Hazel Dell Community Park is located at 2300 NE 68th Street.

Developed in 2007, the Tenny Creek Neighborhood Park is located along NE 88th Street.

Jorgenson Park NW 3rd Ave. / NW 70th St.

Schools
Hazel Dell Elementary School is a kindergarten through 5th grade elementary school located at NE Hazel Dell avenue and Anderson road within the residential area of south Hazel Dell and is part of the Vancouver School District. The school is home to the "Panthers". The current principal is Lisa Reed.
Sacajawea Elementary School is a kindergarten through 5th grade elementary school located within a residential area of northwest Hazel Dell, and is part of the Vancouver School District. The school is home to the "Skyhawks".

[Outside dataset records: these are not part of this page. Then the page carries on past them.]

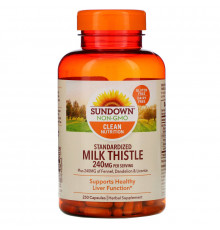 Sundown Naturals, Стандартизированная расторопша пятнистая, 240 мг, 250 капсул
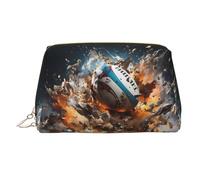 BLWSLC Borsa cosmetica portatile stampata Rugby on Fire grande borsa da viaggio adatta per viaggi e uso quotidiano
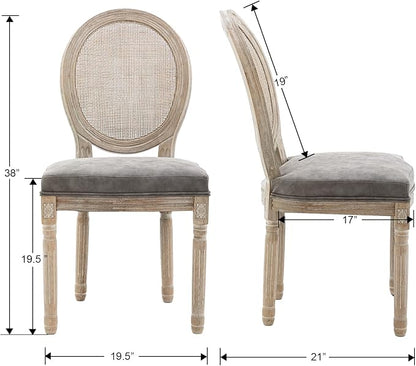 Farmhouse Leather Dining Room Chairs Set of 4 French Dining Chairs with Round Rattan Back French Bistro Chairs for Dining Room/Living Room/Kitchen/Restaurant, Grey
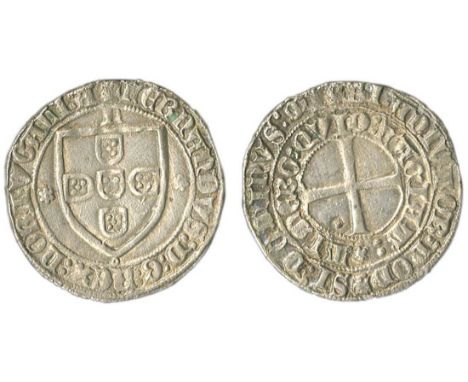 Portugal. Fernando I, "the Handsome" (1367-1383). Tornés de Escudo. Miranda. 3.19 gms. Shield with Arms, rosette either side,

Sarah J. Anderson Elementary School is a kindergarten through 5th grade elementary school located within a residential area of northeast Hazel Dell and is part of the Vancouver School District. The school is home to the "Pioneers". The current principal is Katie Arkoosh.

Columbia River High School is a 9th through 12th grade high school located at NW 99th Street within the residential area of Hazel Dell. The school was formerly home to the Chieftains, however, as of 2021, Columbia River High School is now the home of the Rapids.

Toponymy and history
Oregon Country pioneers Reese and Sarah J. Anderson were Hazel Dell's first settlers. Sarah named the area after a stand of filberts on their land near what is today 78th Street and Highway 99. She also donated the land for the first school in Hazel Dell. The name "Bear Gulch" was briefly considered by the early Hazel Dell residents.

Hazel Dell and Minnehaha were two of the first suburban areas to be developed after World War II and were followed by Lake Shore, Felida, and Salmon Creek. Much of the housing boom in this area has subsided due to the increase of homes being built to the east of Vancouver, between Interstate 205 and Camas and Washington State Route 500/Fourth Plain Boulevard and the Columbia River.

Until the early 1970s, it was not uncommon to see horses and dairy cattle at several points along Interstate 5 and Highway 99 where there are now shopping centers. Children during that time often made money for school clothes and summer activities by picking strawberries, raspberries, beans and other vegetables at several farms in the area. After new child labor laws went into effect restricting children under 12 from working, most farm owners implemented "direct to customer" U-pick. There are now only a few small acreage farms left in Hazel Dell and no dairies at all.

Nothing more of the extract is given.